Blankenbecler v. Rogers

Decision Date24 February 2015
Docket NumberNo. A-13-894.,A-13-894.
PartiesMARTHA BLANKENBECLER, APPELLANT, v. GINGER L. ROGERS, CHANEL OWENS, AND SHANICE ROSS, APPELLEES.
CourtNebraska Court of Appeals
MEMORANDUM OPINION AND JUDGMENT ON APPEAL

(Memorandum Web Opinion)

NOTICE: THIS OPINION IS NOT DESIGNATED FOR PERMANENT PUBLICATION AND MAY NOT BE CITED EXCEPT AS PROVIDED BY NEB. CT. R. APP. P. § 2-102(E).

Appeal from the District Court for Douglas County: JOSEPH S. TROIA, Judge. Affirmed in part, and in part reversed and remanded for a new trial.

Robert S. Sherrets and Jason M. Bruno, of Sherrets, Bruno & Vogt, L.L.C., for appellant.

Karen Weinhold and Angela D. Jensen-Blackford, of Engles, Ketcham, Olson & Keith, P.C., for appellees.

MOORE, Chief Judge, and IRWIN and RIEDMANN, Judges.

MOORE, Chief Judge.

INTRODUCTION

Martha Blankenbecler brought suit against the Appellees for damage to her vehicle. A jury verdict was entered in Blankenbecler's favor against Shanice Ross, which verdict was accepted by the district court for Douglas County. On appeal, Blankenbecler challenges the district court's denial of her motion for sanctions, the admission of certain evidence regarding the value of her vehicle, and the denial of her motion for new trial. We find no abuse of discretion by the district court in denying Blankenbecler's motion for sanctions. However, we find the admission of certain exhibits was prejudicial error. We therefore reverse the judgment of the district court and remand the cause for a new trial.

BACKGROUND

On November 15, 2011, Blankenbecler filed a complaint in the district court for negligence and negligent entrustment against Ginger L. Rogers, Chanel Owens, and Shanice Ross. Blankenbecler alleged that on June 29, Ross recklessly, carelessly, and negligently drove a vehicle owned by Rogers and entrusted to Ross by Rogers and Owens into a parked pickup truck owned by Blankenbecler, totaling the pickup. Blankenbecler later voluntarily dismissed the action as to Rogers and Owens, and the action proceeded only against Ross.

On January 3, 2012, Ross answered, through counsel, admitting liability but denying the extent of Blankenbecler's damages.

On March 16, 2012, Blankenbecler filed a motion to compel, seeking an order requiring Ross to provide sufficient answers to certain interrogatories and verify her answers to interrogatories under oath. On April 9, the district court entered an order granting this motion in part. The court ordered Ross to answer a particular interrogatory and to produce any statements in her possession and gave her 15 days to verify her answers to interrogatories under oath. On April 25, Blankenbecler filed a subsequent motion to compel Ross' deposition, alleging that after requesting dates for Ross' deposition, her counsel indicated she was unable to provide any such dates because she had never been able to reach Ross. On May 16, the court granted the subsequent motion to compel filed by Blankenbecler and ordered Ross to appear for a deposition within 30 days.
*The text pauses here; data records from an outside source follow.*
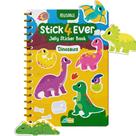 Jelly Sticker Book Stick4Ever para crianças com 50 unidades de dinossauros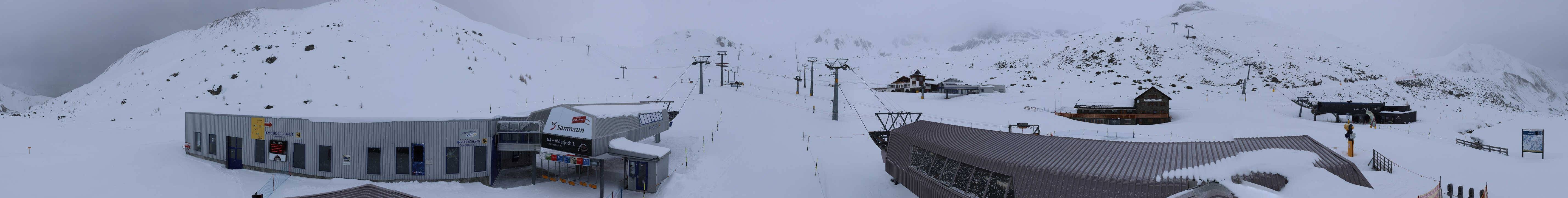 Archiv Foto Webcam Samnaun: Blick von der Alp Trida zum Viderjoch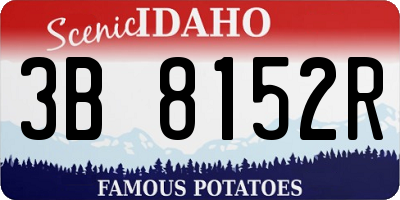 ID license plate 3B8152R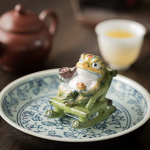 Jinchan Chinese tea pet van hars met kleurverandering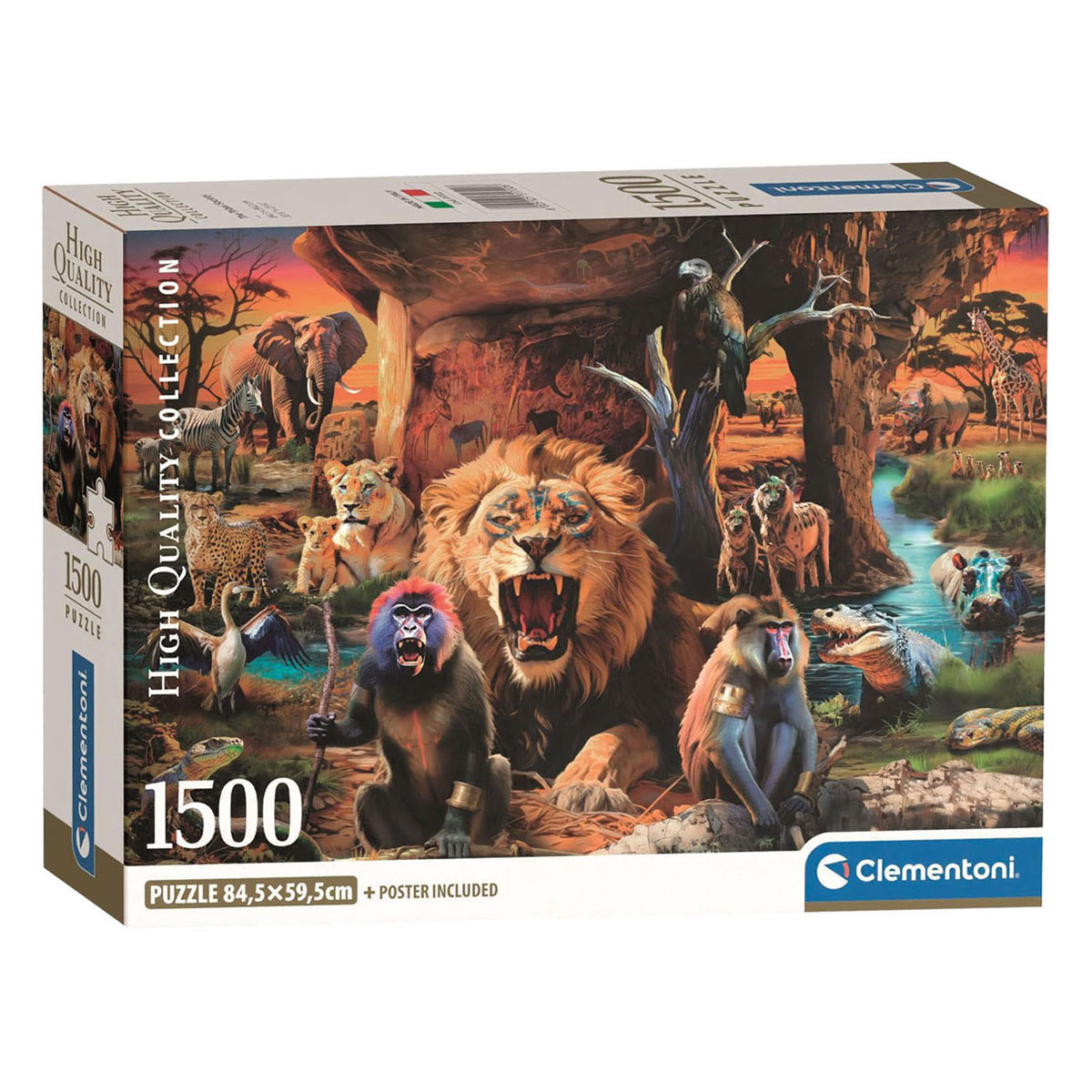 Clementoni Legpuzzel La Société Tribale - 1500e.
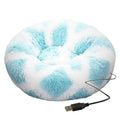 Cama Redonda de Pelúcia com Aquecimento USB – Conforto Premium para Cães e Gatos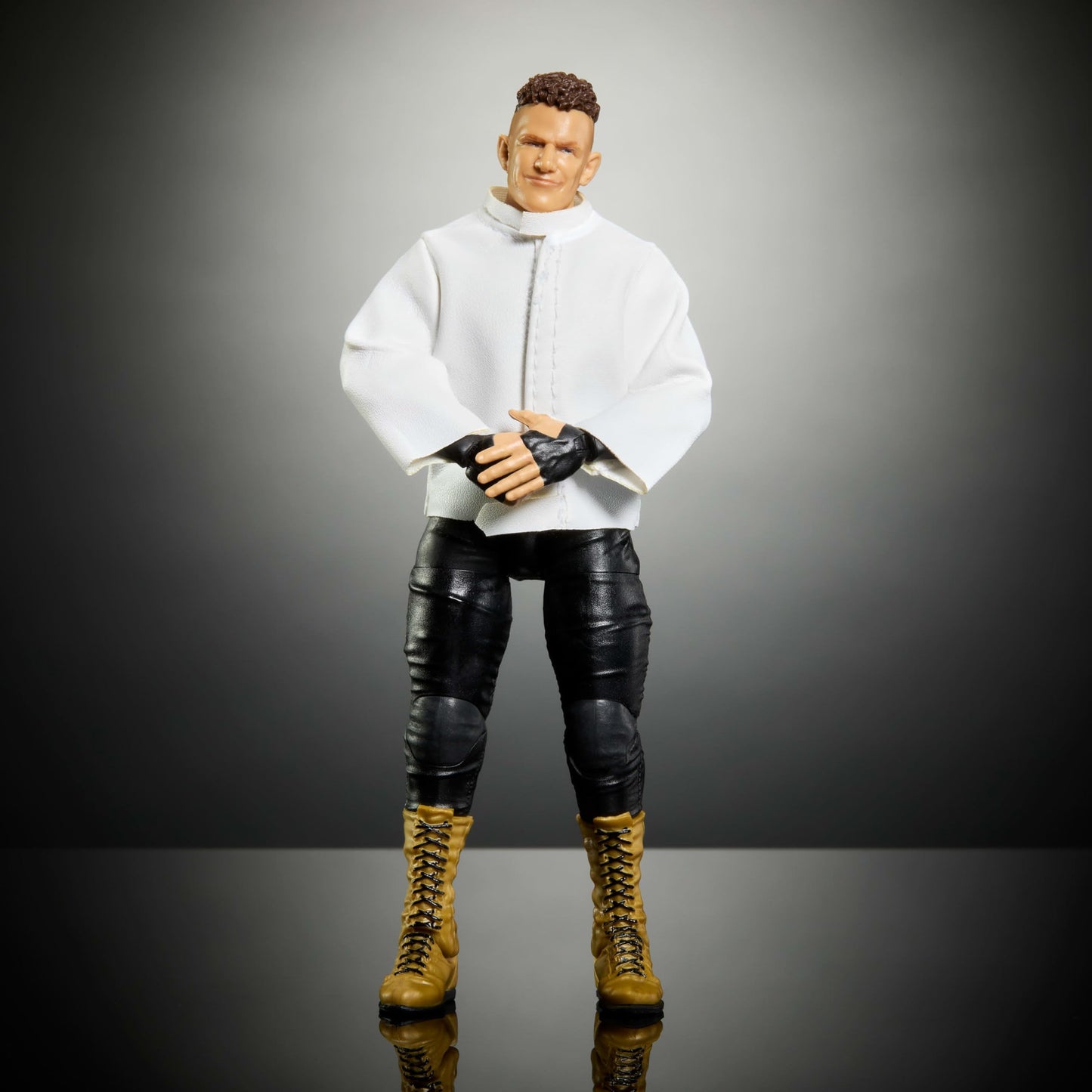 Mattel WWE Elite Action Figure & Accessories, 6-inch Collectible Channing “Stacks” Lorenzo with 25 Articulation Points, Life-Like Look & Swappable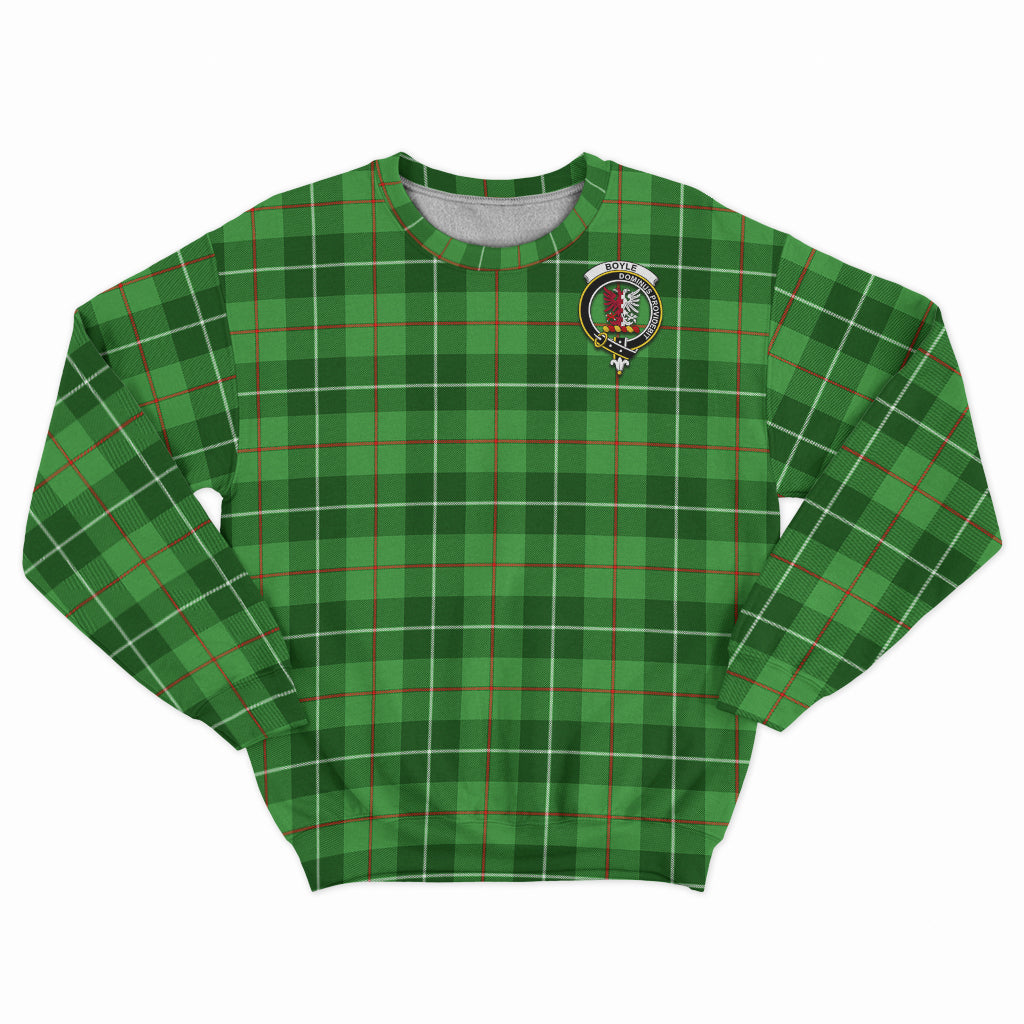 Boyle Tartan Sweatshirt with Family Crest - Tartan Vibes Clothing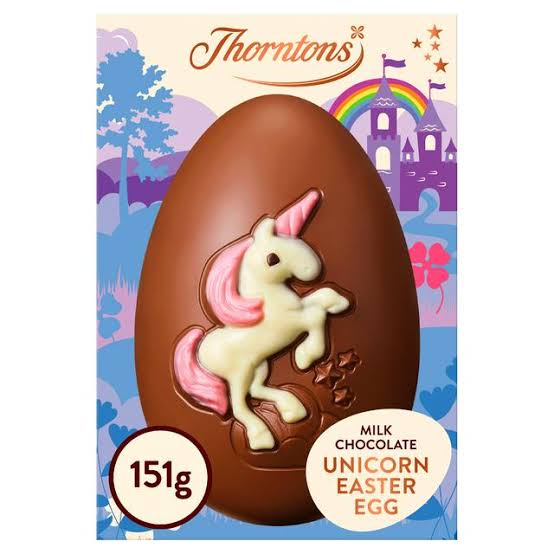 Thorntons Milk Chocolate Large Unicorn Easter Egg 151g
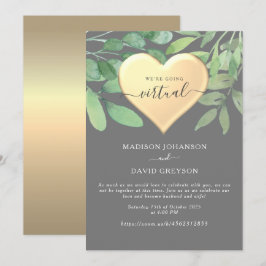 Convite de Casamento Gray Zoom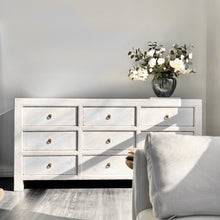 Load image into Gallery viewer, Hamptons Chest _ Nine Drawer _ Rustic White
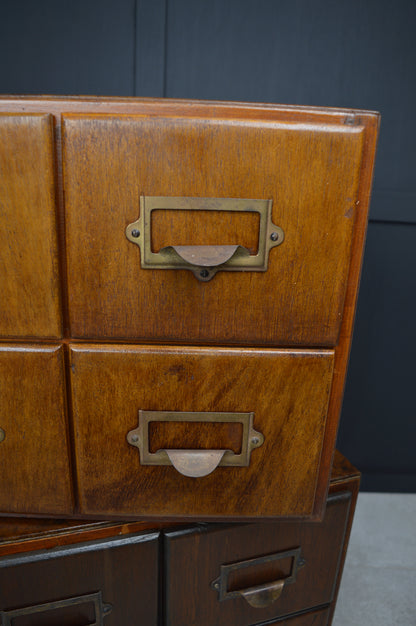 Early 20th century 4 drawer index cabinet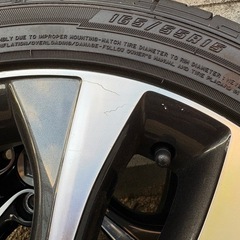 SUZUKIのタイヤ、ホイールセットの画像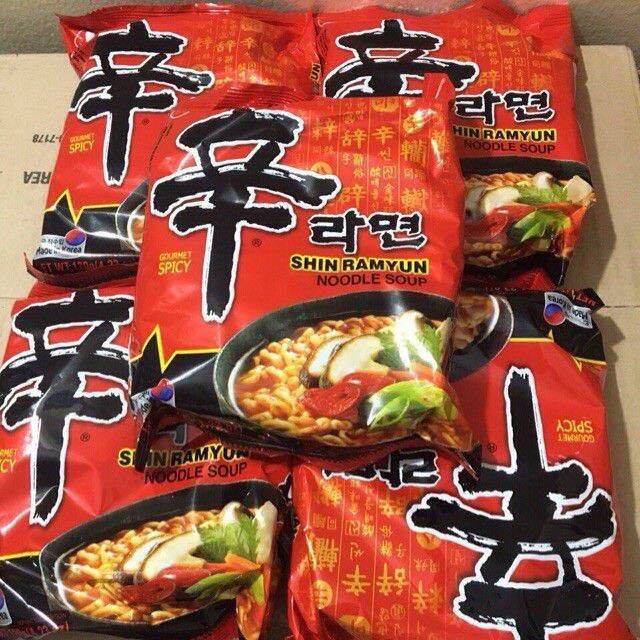 Lốc 5 gói mì cay shin 120g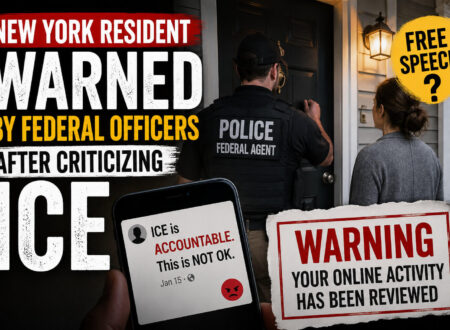 Federal Officers Warn New York Resident Over ICE Criticism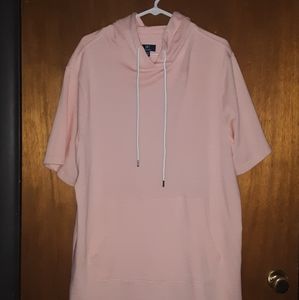 Light Pink Short Sleeved Hoodie 💕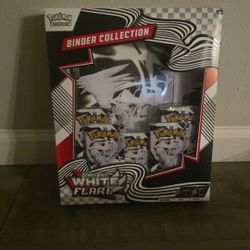 Pokemon White Flare Binder Collection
On July 9, 2012, Blankenbecler filed a motion pursuant to Neb. Ct. R. Disc. § 6-337 in which she asked for sanctions as Ross had failed to comply with the district court's previous orders. Blankenbecler sought attorney fees and asked the court to designate as established fact that her damages were $9,500 and to prohibit Ross from offering evidence on the issue of damages and/or enter a default judgment against Ross. On August 6, Ross' counsel filed an opposition to Blankenbecler's motion and a counter motion for sanctions, including attorney fees, pursuant to Neb. Rev. Stat. § 25-824 (Reissue 2008). Ross' counsel attached documentation of her communications with Blankenbecler's counsel about issues with respect to Ross.

The district court heard the parties' motions for sanctions on August 15, 2012. Dialog during the hearing between the court and the parties' counsel reveals that Ross' counsel did not know where Ross was and had never been able to make contact with her, despite making various attempts. Ross' counsel also had agreed to accept service for her in exchange for admitting liability with the further agreement that any award would be paid. Given the admission of liability, Ross' counsel questioned the need for a deposition as Ross would only be able to testify to the facts of the accident and not to Blankenbecler's damages.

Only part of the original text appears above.